私が小学生この頃も両親が色々な体験をさせてくれたので、乳搾りもこの頃やらせてもらった記憶があります。思っていたよりも力強く絞らないと乳は出てこないことをこの時に知りました。また元々牛乳は好きではなかったで、それほどしぼりたてのミルク自体に興味はありませんでした。牛も毎日かわるがわる見ず知らずの他人に乳を搾られて相当なストレスを抱えていたのでしょう。動物のストレス死は悲しいことです。私たち人間の都合で自由な時間を奪われ、毎日長い間同じ場所に繋がれてひたすら乳を搾り取られるのです。考えただけで牛のストレスがどれほどのものだったのか想像できますね。

image

群馬県渋川市の観光牧場「伊香保グリーン牧場」は19日、1970年のオープン以来続けている人気イベント「牛の乳しぼり体験」(有料)を11月23日で終了すると発表した。乳搾りに使っていた乳牛が2頭相次いで死んだこともあり、「ストレスが一因。苦痛を考慮すると取りやめた方がいい」と判断した。牛の体調などで一時中止するケースはあるが、「牛の立場」に立ってやめるのは全国的にも珍しい。
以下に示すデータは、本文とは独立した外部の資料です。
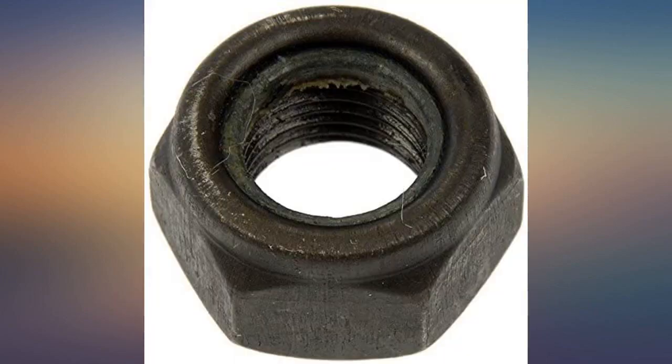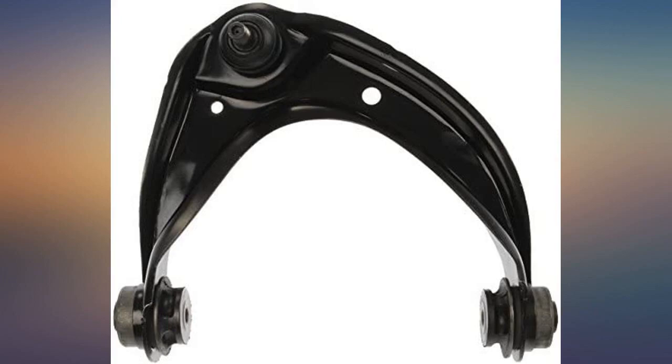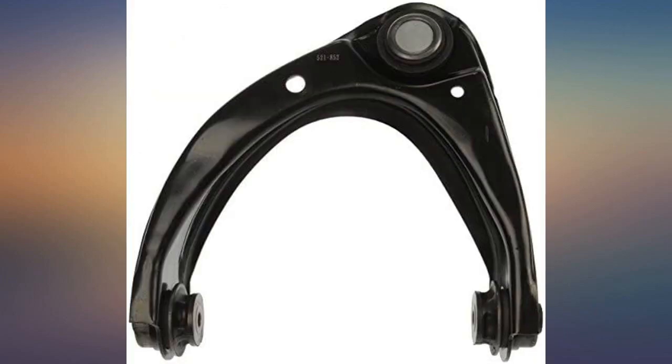Bought a used plain Jane 2006 Mazda 6i that had some life left in it. Depreciation is merely the wearing out of parts and components. I have replaced everything in the front end except the rack and pinion steering, and this upper control arm was included.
グリーン牧場は、酪農で飼っていた約40頭の乳牛の一部を乳搾り体験に転用していたが、酪農は赤字続きのため昨年4月に休止。残った4頭でローテーションを組んで乳搾り体験を続けてきた。その後、2頭が数カ月の間に乳房炎などの病気で相次いで死に、現在は2頭で行っている。牧場担当者は「体験者には消毒をしてもらっている。ストレスなどが要因ではないか。このまま続けて1頭当たりの負荷が大きくなれば病気になる恐れがある」とみる。

グリーン牧場での乳搾り体験はここ数年、年間約2万人が楽しむ人気イベント。乳搾り体験のためだけに飼育頭数を増やすのも経営的に難しく、同牧場の基本理念「アニマルウエルフェア(動物福祉)」に照らし、終了に踏み切った。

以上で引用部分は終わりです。